Delays in distributing food this month to 108,000 people in Gedo district risks further aggravating the alarming rates of malnutrition that are already reported there
WFP Somalia Country Director Peter Goossens
The WFP food is enough to feed more than 100,000 people for three months amid warnings of rising malnutrition in the South.
The WFP-contracted trucks left the Kenyan port of Mombasa and were unexpectedly stopped at the Northeast Kenyan border crossing of El-Wak since they first started arriving there on 25 May.
Choosing a route
“The Kenyan overland route was chosen because of major problems with sea routes to Somalia plagued by pirate attacks,” said WFP Somalia Country Director Peter Goossens. “Delays in distributing food this month to 108,000 people in Gedo district risks further aggravating the alarming rates of malnutrition that are already reported there.”
“We are in intense contacts with Kenyan authorities to facilitate the passage of this cargo into Somalia so that food distributions can urgently resume in southern Gedo,” Goosens added. “Kenya had allowed us to use El-Wak since January because it is the most direct route to southern Gedo, where food assistance is urgently needed.
The rains on top of the already very poor road network in Somalia to southern Gedo make using other Kenyan crossing points at Mandera to the north of El-Wak and Liboi to the south almost impossible.”
Many of the 140 WFP-contracted trucks had waited so long at El-Wak that they were unloaded in recent days and the food assistance moved to a local warehouse.
The Government of Kenya has closed its border with Somalia since January to people and commercial traffic, but humanitarian assistance was previously allowed across into Somalia.
In the coming days, a third round of WFP food distributions to people driven from their homes by fighting in Mogadishu is due to start. A total of 150,000 people should receive food including those who are still displaced, some who have returned to Mogadishu and members of host communities.

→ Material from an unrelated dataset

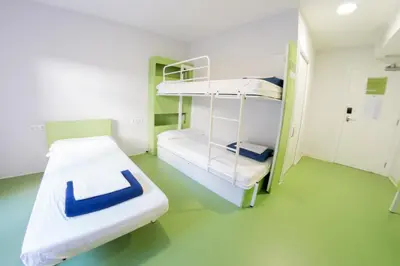 a hospital room with two bunk beds in it at Sant Jordi Hostels Sagrada Familia in Barcelona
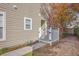 The side of the home offers a private outdoor area with a white picket fence and garden at 108 Chemistry Cir, Ladson, SC 29456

The UN Food and Agriculture Organization’s Food Security Analysis Unit (FSAU) for Somalia warned on June 15 that malnutrition was increasing in the Middle and Lower Shabelle areas of southern Somalia.
It reported acute malnutrition rates above the emergency threshold of 15 percent and extremely high severe acute malnutrition rates of 4.9 percent.
It has also warned of a possible crop failure in parts of south and central Somalia because of poor rains.
FSAU said the reasons for worsening food insecurity in Shabelle were the culmulative impact of conflict, insecurity and internal displacement compounded by an epidemic of acute watery diarrhoea, farming losses from floods and three seasons of below normal cereal production.
In Gedo region, which borders on Kenya, acute malnutrition rates of 15-20 percent were reported in April. In 2007, WFP plans to assist more than 1 million people across Somalia.